Task -> Only the pictures are to be left out; the listing itself is repeated exactly.

*** Exercise data ***

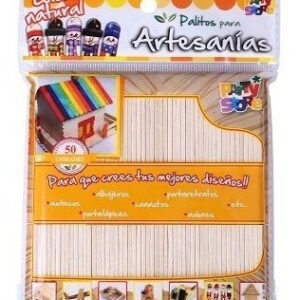 PALITO DE HELADO NATURAL 11 CM X 48 UNI. "PARTY STORE" (2070)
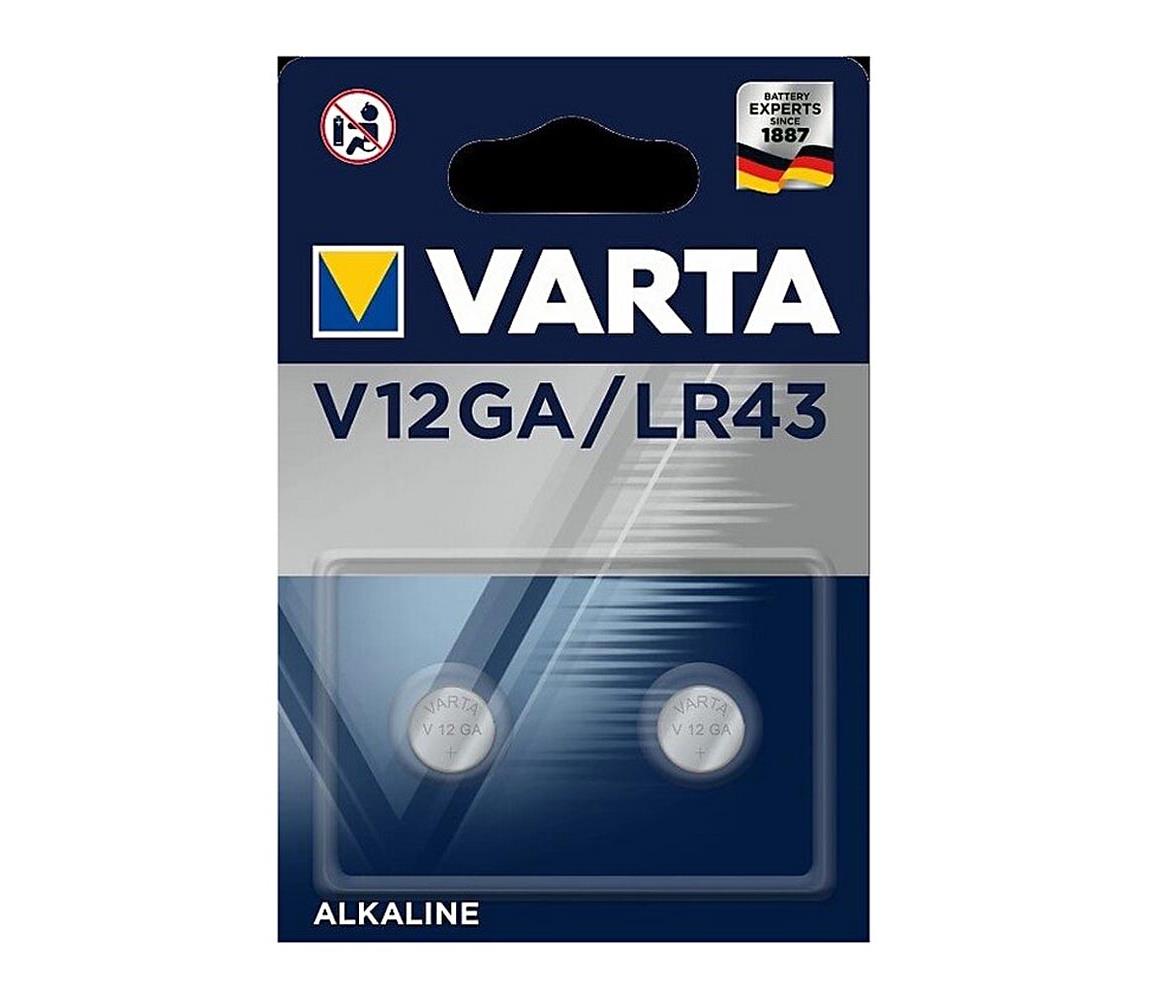 VARTA Varta 4278101402 - 2 ks Alkalická baterie knoflíková ELECTRONICS V12GA 1,5V VA0197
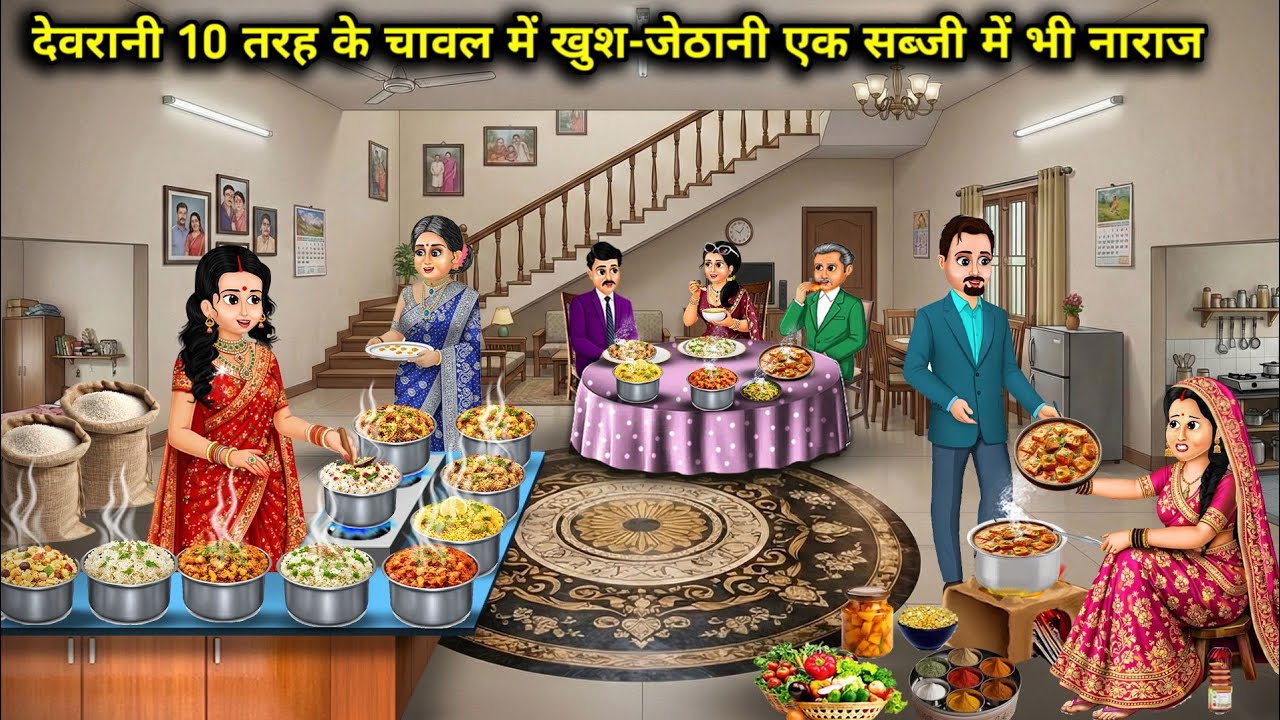 देवरानी 10 तरह के चावल में खुश-जेठानी एक सब्जी में भी नाराज|Sister-In-Law Is Happy With 10 Types Of.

*** End of Exercise data ***

Solution to the problem ->
 PALITO DE HELADO NATURAL 11 CM X 48 UNI. "PARTY STORE" (2070)
 VARTA Varta 4278101402 - 2 ks Alkalická baterie knoflíková ELECTRONICS V12GA 1,5V VA0197
 देवरानी 10 तरह के चावल में खुश-जेठानी एक सब्जी में भी नाराज|Sister-In-Law Is Happy With 10 Types Of.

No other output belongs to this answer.